Parsons, Kansas police report a decline in the number of meth busts in recent years. Some police and city leaders say it's due to a city ordinance.
In 2011 there were 30 methamphetamine cases in Parsons. That year voters approved a city ordinance forbidding the sale of ephedrine and pseudoephedrine without a prescription.
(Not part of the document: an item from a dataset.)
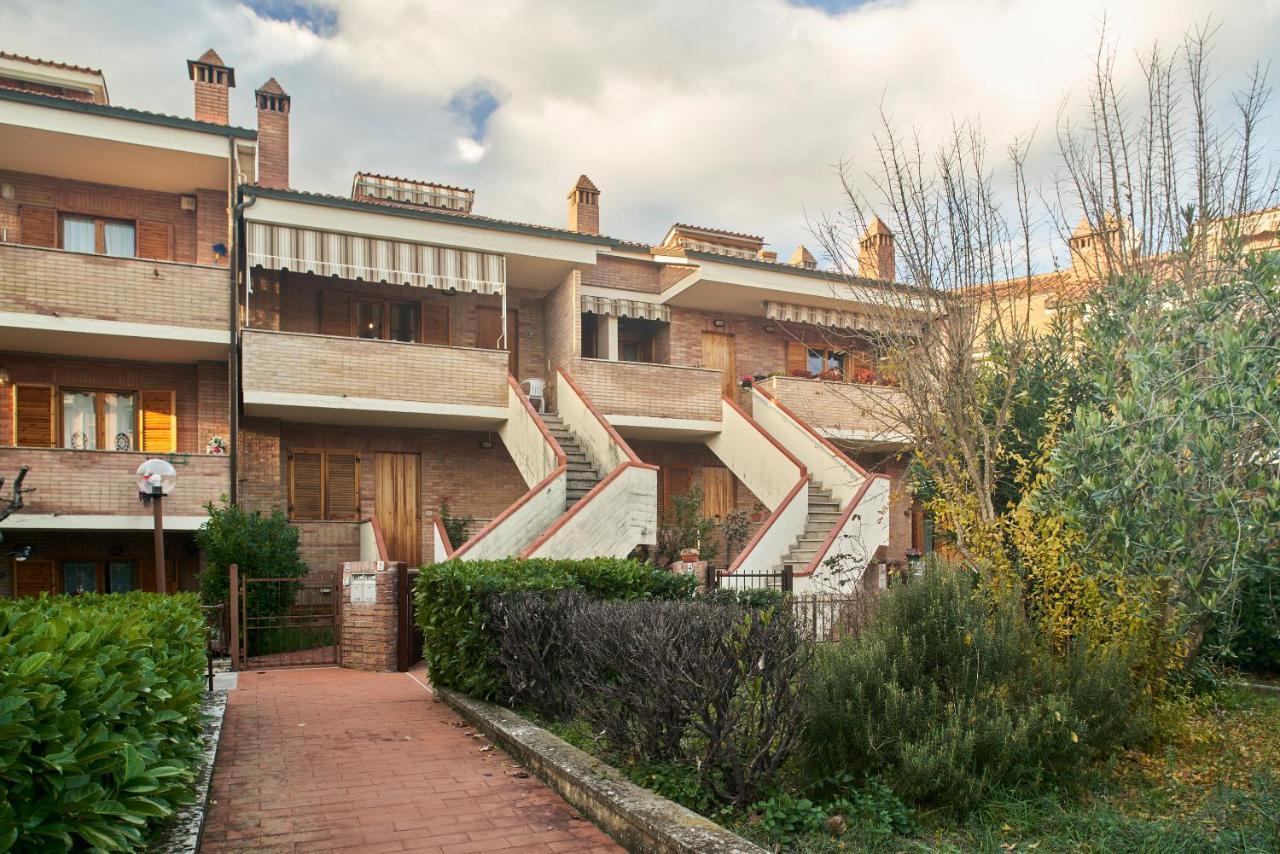 Little Brick House On Siena Hills With Balconies Apartment Exterior photo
Both can be used to make meth.
In 2012 there were only nine meth cases.
"I really do believe this ordinance has really helped the city of Parson," says Parsons Police Chief Scott Gofourth.
"I think that's wonderful," says Parsons resident Suzy Hurt. "I think it's a good thing if that's what they are using to make it with."
One inconvenience - the cost of seeing a doctor.
"That would be inconvenient, but I have to say that that's a small inconvenience to consider when the other tragic aspects of the hazards of the methamphetamine cook," says Chief Gofourth.
"One has to see the impact of it - methamphetamine - on the children, that's where I come in the picture," says Dr. Manish Dixit of Parsons. "We see it all the time - once the parents are exposed to methamphetamine they do not provide the optimum care."
"We are seeing the house fires, the people that are brunt, the children that are exposed and all those things," says Chief Gofourth.
The city hopes surrounding communities adopt the same ordinance.
They've shared the ordinance with Pittsburg, Fort Scott, Chanute and others.